Collaborating with Spectrum Health Innovations – Part 2
In this blog series, students in the Photography program and student writers from the Writing Center explore the ongoing collaboration between Spectrum Health Innovations and students in the Interior Design and Industrial Design Programs.
Part Two – Preliminary Designs: A First Look
Written by Ashley Newton, Interior Design student
Photography by Ian Pokriefka, Photography student
Last semester, recent Kendall College of Art and Design of Ferris State University (KCAD) graduates Amanda Loehle (’15, Interior Design) and Justin Beitzel (’15, Industrial Design) and current Industrial Design student Xiaoyang Guo began a project collaborating with Spectrum Health Innovations (SHI). Part One of this series introduces their first steps in developing solutions to mobility concerns in the Epilepsy Monitoring Unit (EMU) through meeting with Spectrum Health doctors, nurses, and other healthcare professionals. Read Part One here.
Loehle, Beitzel, Guo, and Associate Professors Lee Davis (Interior Design) and Jon Moroney (Industrial Design) concluded the initial brainstorming session with a plan to immediately consider the information collected and begin to design both space solutions for the EMU and the strategy for their next brainstorming session.

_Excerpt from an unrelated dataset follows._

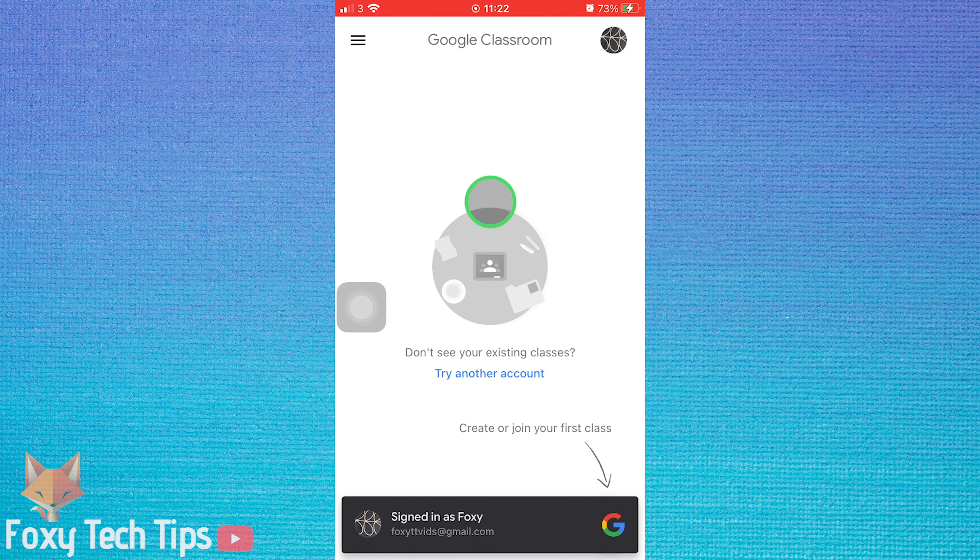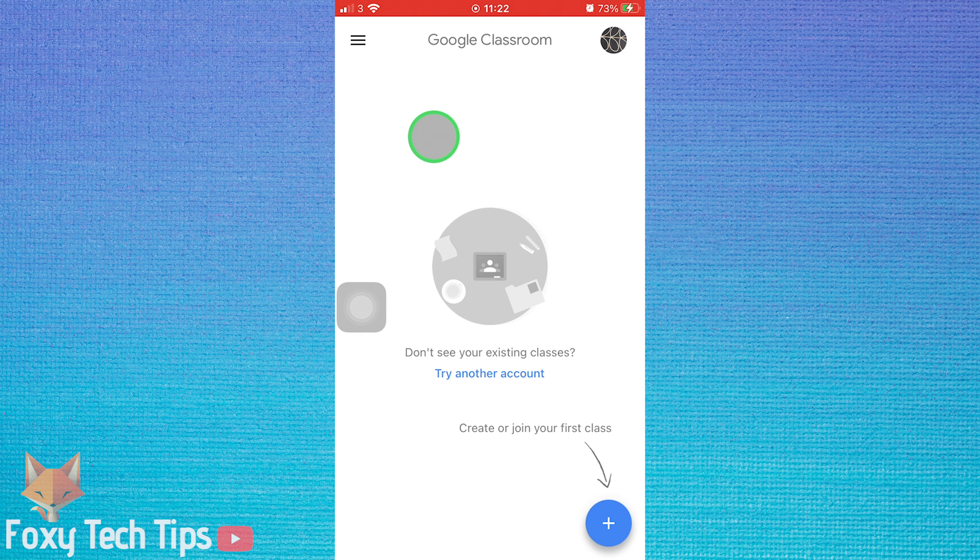Open up Google Classroom. Tap your profile icon from the top right of the screen.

Insights gained at that first session encouraged the development various ideas, which the students then presented at KCAD in December, with contributing parties from Spectrum Health, numerous SHI staff members, and KCAD staff and faculty in attendance.
KCAD students, faculty, staff and Spectrum Health employees came together at KCAD, where the students presented their ideas (credit: Ian Pokriefka)
While the students’ ideas have real potential to influence the design of spaces and equipment in the EMU in the future, the abstract element thus far was particularly exciting for Beitzel. "One of the best parts of this project was that we were able to keep our designs fairly conceptual,” he says. “ It was more about creating a vision for the future experience. I realized how much I enjoy that portion of the design process."
But as far as SHI staff and Spectrum Health doctors are concerned, practical, viable solutions to the mobility issue in the EMU could very well come from this collaboration. At this concept review students were faced with the complicated task of focusing in on patient safety and their home-centered care in the EMU setting. The challenge is to achieve balance between an atmosphere of hospital and home, and to reduce patients' stress while maximizing their comfort.
SHI Clinical Innovations Specialist Kris Emery remarked that, in this way, the rooms need to emphasize the “human as the center of focus,” rather than the strict roles of patients and healthcare practitioners.
Accommodating the needs of both EMU patients and hospital clinicians is, however, a crucial part of the design program. To this end, much focus has been paid to the design of an EMU-specific bed where, statistically, patients most often seize, as it is where they spend the most time. Ideally, such a bed would have 360-degree staff access at work surface height, feature patient-operated adjustability and control, be able to become seated, as well as provide stability and, in the case of confusion or aggression, restraining devices. However, based on the design of the rest of the room, the students can encourage new ideas concerning the functionality of the space. If patients are to occupy their time elsewhere within an EMU, the operability of a current hospital bed is no longer necessary.
(right to left) recent graduate Justin Beitzel, student Xiaoyang Guo, and recent graduate Amanda Loehle (credit: Ian Pokriefka)
Providing this opportunity for mobility through the implementation of padded floors, curved corners and edges, and soft lounge and guest seating were among the students’ general suggestions. However, they needed more insight into whether or not mobile carts or ceiling-mounted technology used to house hospital equipment would better serve the various users’ needs. The challenge of designing this space given how much its use may change, particularly in regard to the open-endedness of the bed, provided the students an opportunity for total innovation. While a liberating prospect, this can also be intimidating.
The students also sought comments on overarching details such as finish materials and color palettes. Feedback on the color palette indicated a preference for healing, calming, and nature-inspired greens and neutrals over a more modern concept incorporating bold colors and patterns, which were suggested to stimulate brain activity.
This January marked the start of a semester-long project with Davis to explore further options with regards to the interior design aspects of this project.